Cates wrote that JLL would play a critical role in the administration's efforts to reduce the amount of leased space by 1 million square feet. He suggested that putting the work out for bid could trigger a three-month or more delay and "result in lost saving."

"Finally," he added, "JLL has been on contract with the State for most of the past year conducting a comprehensive assessment of the State's space needs and the savings which could be realized through more efficient allocation of office space."

In fact, JLL had been on contract for only two months.

Later, contract reviewers in Wilson's office questioned whether the fact that competitive bidding could take up to six months was, by itself, enough to justify the decision to not put the work up for bids.

"Not a recommended reason to justify non-competitive amendments," contract reviewers noted in the margins of the proposed amendment.

On the other hand, having a contractor who was up on the state's needs "appears to be a reasonable justification due to additional time and added costs to the services being provided since JLL has the relevant knowledge of the assessments and master plan."

They also questioned why an existing state contractor, PB Americas, was not given the work.

General Services lawyers responded in a memo that "because of JLL's involvement in master planning facility assessments, they were the only vendor capable of providing Project T3 Leadership." The memo added that PB Americas was aware of JLL's role and "indicated that they did not object to JLL providing T3 Leadership Services."

A separate email from the governor's legal counsel states that "General Services confirmed a second time that PB Americas agrees the scope is beyond its contract with the State."

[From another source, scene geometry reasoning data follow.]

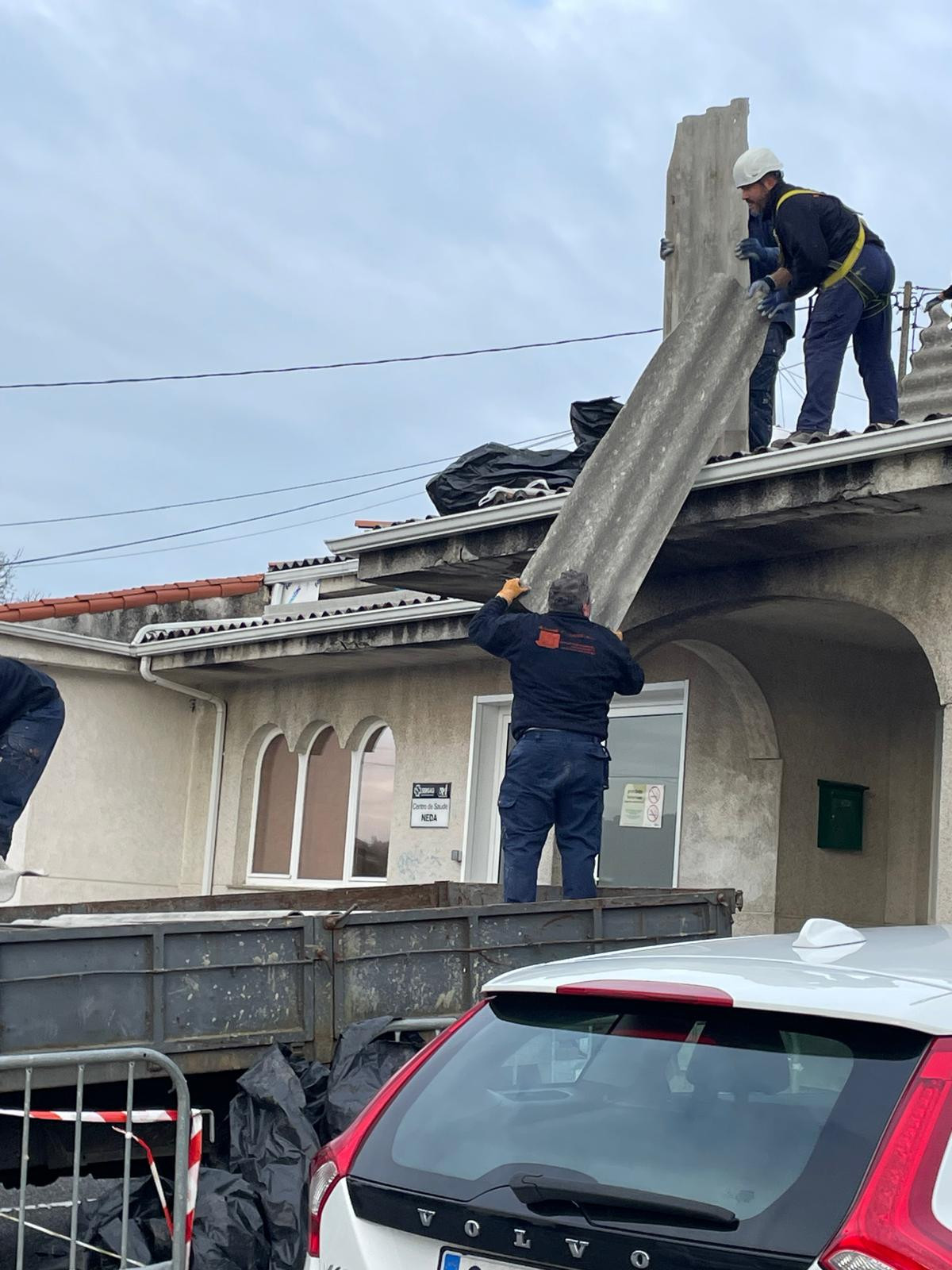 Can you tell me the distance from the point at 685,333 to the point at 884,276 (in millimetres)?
1146

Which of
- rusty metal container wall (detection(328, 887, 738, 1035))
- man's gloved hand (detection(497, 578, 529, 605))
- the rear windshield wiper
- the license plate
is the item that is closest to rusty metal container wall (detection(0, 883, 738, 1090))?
rusty metal container wall (detection(328, 887, 738, 1035))

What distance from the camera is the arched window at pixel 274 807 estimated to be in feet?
49.8

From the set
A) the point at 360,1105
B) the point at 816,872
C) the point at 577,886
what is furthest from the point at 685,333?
the point at 360,1105

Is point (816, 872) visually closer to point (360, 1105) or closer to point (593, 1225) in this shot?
point (360, 1105)

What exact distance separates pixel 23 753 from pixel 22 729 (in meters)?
0.13

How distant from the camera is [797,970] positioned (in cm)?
305

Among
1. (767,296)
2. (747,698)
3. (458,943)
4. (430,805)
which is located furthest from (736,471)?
(430,805)

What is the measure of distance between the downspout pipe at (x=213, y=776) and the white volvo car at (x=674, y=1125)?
12502mm

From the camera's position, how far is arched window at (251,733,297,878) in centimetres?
1518

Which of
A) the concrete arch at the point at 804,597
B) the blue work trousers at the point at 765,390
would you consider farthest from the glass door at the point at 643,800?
the blue work trousers at the point at 765,390

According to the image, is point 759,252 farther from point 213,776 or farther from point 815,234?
point 213,776

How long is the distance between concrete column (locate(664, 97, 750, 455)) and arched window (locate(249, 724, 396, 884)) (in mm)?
5657

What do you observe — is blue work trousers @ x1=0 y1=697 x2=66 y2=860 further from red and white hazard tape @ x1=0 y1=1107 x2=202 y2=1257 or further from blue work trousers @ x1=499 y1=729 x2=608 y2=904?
red and white hazard tape @ x1=0 y1=1107 x2=202 y2=1257

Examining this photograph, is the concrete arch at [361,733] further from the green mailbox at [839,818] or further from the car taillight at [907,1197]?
the car taillight at [907,1197] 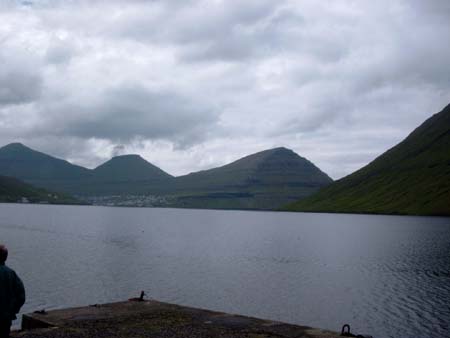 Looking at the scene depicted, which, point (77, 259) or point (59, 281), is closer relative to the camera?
point (59, 281)

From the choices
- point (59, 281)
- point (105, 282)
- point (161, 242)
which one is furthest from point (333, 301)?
point (161, 242)

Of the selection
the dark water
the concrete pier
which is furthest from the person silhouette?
the dark water

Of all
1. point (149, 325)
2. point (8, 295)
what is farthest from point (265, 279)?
point (8, 295)

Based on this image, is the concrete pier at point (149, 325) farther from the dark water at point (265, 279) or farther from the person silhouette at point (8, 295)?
the dark water at point (265, 279)

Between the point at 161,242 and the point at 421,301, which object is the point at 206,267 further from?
the point at 161,242

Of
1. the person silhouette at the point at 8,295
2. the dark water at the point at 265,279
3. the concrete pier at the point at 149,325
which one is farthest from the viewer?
the dark water at the point at 265,279

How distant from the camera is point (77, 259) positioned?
282 ft

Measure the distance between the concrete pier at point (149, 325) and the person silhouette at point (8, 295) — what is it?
6.01 metres

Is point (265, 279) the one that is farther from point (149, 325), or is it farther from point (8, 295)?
point (8, 295)

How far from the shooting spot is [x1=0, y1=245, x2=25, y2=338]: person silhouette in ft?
57.3

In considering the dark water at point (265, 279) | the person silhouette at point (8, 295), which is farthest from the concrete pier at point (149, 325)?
the dark water at point (265, 279)

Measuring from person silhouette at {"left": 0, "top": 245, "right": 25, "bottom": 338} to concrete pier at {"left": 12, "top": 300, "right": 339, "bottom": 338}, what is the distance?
19.7 ft

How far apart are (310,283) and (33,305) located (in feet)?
116

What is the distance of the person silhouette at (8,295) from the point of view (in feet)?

Herb Slatery added, "It is also readily apparent that PB Americas could not perform in accordance with the time schedule we are requesting."

On June 14, 2012, the State Building Commission approved the amendment to the JLL contract, while repeatedly noting that they did not want to get into the habit of approving such no-bid contracts.

"If we approve today's extraordinary item, that doesn't construe that that's a new policy on our part," Secretary of State Trey Hargett told General Services officials.

Subsequent amendments increased the maximum value of that first contract to almost $11 million.

Recently, the Department of General Services selected JLL for a separate $330 million contract to manage all of the state's buildings.  Only one other company was allowed to bid.